It isn’t hard to see why the Pakistani state has escalated its attacks on the opposition. Zardari, Sharif and the Islamist cleric-politician Fazlur Rehman — three very unlikely fellow travelers — recently launched a joint movement to unseat the government. In exile in London, Sharif has delivered a series of belligerent, unrestrained speeches in which he has accused the military of being a “state behind the state” and of manipulating the election of 2018 that brought Khan to power.
That seems to have been the last straw for Pakistan’s military establishment. Sedition cases weren’t just registered against Sharif but also his daughter and heir-apparent Maryam, as well as 44 other leaders of his Pakistan Muslim League. Sharif’s brother Shahbaz, until recently the chief minister of Pakistan’s populous Punjab province, has also been arrested. Shortly afterwards, Pakistan’s media regulator banned speeches or interviews with “fugitives,” clearly meant to prevent the re-broadcast of Sharif’s speech or others like it.
Others, including ministers from Khan’s party, have said that criticism of the military in Pakistan is unconstitutional. Imran Khan’s own response has been to claim that Sharif — thrice elected prime minister of Pakistan — is an agent of the Indian government.
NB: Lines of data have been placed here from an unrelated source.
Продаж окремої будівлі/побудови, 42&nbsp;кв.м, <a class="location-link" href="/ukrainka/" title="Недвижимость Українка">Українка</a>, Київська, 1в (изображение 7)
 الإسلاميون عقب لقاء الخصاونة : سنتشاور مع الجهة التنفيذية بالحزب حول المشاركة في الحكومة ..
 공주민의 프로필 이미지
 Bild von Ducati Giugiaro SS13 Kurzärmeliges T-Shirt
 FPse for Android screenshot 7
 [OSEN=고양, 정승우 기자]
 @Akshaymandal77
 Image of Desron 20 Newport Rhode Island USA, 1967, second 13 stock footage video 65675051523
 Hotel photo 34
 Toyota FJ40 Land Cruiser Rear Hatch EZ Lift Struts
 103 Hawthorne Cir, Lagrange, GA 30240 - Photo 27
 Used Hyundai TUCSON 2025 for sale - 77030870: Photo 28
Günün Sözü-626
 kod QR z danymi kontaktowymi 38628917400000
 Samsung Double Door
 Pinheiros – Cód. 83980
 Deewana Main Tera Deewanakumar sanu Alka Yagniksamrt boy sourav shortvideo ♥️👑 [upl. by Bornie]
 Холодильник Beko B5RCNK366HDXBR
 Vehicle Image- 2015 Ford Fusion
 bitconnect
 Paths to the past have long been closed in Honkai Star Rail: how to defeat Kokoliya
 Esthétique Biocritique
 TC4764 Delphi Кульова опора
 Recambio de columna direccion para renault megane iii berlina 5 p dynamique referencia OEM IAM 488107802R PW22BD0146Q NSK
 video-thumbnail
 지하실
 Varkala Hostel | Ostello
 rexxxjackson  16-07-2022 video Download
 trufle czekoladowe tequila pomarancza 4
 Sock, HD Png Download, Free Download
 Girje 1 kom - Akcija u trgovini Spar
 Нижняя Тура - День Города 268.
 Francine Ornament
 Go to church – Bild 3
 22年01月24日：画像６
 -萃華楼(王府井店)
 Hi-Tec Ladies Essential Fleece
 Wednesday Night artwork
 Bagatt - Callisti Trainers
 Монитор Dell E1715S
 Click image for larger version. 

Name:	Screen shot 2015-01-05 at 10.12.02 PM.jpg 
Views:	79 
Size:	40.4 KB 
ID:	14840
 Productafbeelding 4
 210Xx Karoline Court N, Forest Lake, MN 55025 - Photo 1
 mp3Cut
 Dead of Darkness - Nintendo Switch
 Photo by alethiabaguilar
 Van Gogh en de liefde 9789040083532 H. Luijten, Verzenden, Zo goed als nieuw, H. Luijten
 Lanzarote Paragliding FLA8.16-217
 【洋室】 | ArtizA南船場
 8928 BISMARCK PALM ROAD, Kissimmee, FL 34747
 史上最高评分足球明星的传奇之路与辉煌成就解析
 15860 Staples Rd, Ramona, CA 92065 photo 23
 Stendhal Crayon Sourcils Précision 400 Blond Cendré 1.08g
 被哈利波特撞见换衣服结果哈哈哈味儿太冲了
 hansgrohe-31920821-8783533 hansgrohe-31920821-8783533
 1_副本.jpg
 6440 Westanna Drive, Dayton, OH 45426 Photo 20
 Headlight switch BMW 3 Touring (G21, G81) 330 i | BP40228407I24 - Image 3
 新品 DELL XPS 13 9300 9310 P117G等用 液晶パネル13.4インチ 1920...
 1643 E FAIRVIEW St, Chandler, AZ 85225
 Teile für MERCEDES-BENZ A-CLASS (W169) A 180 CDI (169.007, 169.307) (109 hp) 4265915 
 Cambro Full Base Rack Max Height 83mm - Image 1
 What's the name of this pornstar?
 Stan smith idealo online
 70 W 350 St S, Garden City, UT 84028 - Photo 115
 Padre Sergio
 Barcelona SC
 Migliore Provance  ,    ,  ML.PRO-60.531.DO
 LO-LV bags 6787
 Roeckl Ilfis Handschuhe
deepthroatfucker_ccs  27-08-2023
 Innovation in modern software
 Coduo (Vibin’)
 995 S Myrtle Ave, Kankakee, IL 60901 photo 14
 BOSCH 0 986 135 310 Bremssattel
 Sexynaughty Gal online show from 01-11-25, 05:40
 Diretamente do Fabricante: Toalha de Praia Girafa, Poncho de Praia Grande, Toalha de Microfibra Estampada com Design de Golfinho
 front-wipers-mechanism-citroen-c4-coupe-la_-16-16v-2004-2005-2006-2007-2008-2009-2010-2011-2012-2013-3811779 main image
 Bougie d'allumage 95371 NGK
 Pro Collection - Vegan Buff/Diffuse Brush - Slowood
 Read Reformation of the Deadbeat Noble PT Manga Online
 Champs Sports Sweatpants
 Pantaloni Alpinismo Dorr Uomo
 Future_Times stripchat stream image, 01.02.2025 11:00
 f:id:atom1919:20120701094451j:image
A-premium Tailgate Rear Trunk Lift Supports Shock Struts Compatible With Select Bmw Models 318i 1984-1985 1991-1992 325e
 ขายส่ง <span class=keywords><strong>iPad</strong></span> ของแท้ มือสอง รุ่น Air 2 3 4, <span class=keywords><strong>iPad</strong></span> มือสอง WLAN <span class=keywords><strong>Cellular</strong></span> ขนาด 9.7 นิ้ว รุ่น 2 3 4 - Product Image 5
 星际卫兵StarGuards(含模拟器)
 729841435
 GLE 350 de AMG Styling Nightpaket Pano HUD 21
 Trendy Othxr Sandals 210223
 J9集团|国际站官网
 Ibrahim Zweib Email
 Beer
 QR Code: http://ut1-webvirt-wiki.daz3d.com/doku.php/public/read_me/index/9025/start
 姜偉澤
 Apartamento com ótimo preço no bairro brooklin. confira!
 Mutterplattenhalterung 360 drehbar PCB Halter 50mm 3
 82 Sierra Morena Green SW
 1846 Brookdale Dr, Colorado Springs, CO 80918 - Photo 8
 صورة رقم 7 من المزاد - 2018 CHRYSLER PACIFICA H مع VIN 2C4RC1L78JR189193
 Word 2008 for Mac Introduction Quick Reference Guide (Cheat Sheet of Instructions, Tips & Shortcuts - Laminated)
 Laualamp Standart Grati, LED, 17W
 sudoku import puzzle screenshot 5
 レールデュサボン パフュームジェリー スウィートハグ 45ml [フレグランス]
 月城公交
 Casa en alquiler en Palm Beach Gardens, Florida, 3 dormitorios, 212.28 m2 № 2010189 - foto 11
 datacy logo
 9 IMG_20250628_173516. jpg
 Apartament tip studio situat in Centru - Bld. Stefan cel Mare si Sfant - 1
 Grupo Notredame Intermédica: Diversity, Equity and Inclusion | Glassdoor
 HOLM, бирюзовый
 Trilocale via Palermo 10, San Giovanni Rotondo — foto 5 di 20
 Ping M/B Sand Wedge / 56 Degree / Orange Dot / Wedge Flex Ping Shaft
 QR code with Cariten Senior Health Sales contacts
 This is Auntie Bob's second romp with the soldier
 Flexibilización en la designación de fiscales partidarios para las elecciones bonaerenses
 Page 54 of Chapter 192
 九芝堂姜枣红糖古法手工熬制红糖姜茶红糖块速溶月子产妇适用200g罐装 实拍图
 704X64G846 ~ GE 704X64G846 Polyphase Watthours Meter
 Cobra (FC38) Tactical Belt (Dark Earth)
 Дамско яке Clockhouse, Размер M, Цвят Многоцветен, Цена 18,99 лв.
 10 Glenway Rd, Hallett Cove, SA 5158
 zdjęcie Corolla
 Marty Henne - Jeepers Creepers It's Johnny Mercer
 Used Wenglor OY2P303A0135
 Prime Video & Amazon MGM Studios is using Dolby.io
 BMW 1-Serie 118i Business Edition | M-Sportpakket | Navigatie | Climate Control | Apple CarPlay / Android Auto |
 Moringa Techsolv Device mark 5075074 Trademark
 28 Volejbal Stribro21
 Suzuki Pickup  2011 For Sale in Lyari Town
The Pakistani military has some hard thinking to do. Most of its choices in the past three or four years have been bad ones. First it decided to prop up Khan and his party. As the Pakistani security analyst Ayesha Siddiqa points out, Khan’s government has failed on at least two counts that matter to his uniformed backers. It has not been able to ensure that funds continue to flow into Pakistan’s fragile, externally dependent economy. Meanwhile, foreign-policy grandstanding, including cozying up to his fellow populist, Turkish Prime Minister Recep Tayyip Erdogan, seems to have irritated Pakistan’s most reliable supporters in Riyadh and Beijing.
In time, too, the military may discover that Khan himself is not quite as biddable as they would like. Earlier this month, in response to Sharif’s claim that the then-chief of military intelligence had asked him to quit as prime minister in 2014, Khan claimed that, in Sharif’s position, he would have demanded the spymaster resign for making the threat.
While a bit over the top, Khan’s boast is a reminder that the prime minister has had a proper populist’s ego ever since his days as a star cricketer. He has claimed that he himself is the personification of Pakistani democracy and that the army is quietly obedient to him because of his clean image. One wonders if the only person in the Pakistani establishment who doesn’t believe Imran Khan is beholden to the military is Khan himself.
On Oct. 16, the joint opposition will face its first test — a rally in Sharif’s Punjabi heartland. It is a long road back to power for Sharif’s party and Zardari’s; the former has lost Punjab and the latter its own power base in Pakistan’s only global city, Karachi. Yet it won’t be easy to root for the new opposition alliance, either. It is being led, after all, by the radical Fazlur Rehman, a canny cleric-politician who has openly said he shares the objectives (if not the dedication to violence) of the Taliban.
While Pakistan’s Islamist parties have been junior parties in government before and can draw large numbers of demonstrators, they have always been electorally marginal. Now, given that the mainstream political parties are unpopular and enfeebled, this might be the moment that Rehman and his colleagues have been waiting for. Egypt has shown us how hard it is for military dictators to fight political Islamism. And in India, Hindu nationalists were similarly marginal to electoral politics until they became part of the alliance, 40 years ago, that defeated the authoritarian Indira Gandhi.
If mainstream parties continue to fade, Pakistani politics may well see a three-way tug-of-war between a middle-class populist, an aggressive military establishment and radical Islamists. That’s in nobody’s interest — not even the Pakistan army’s.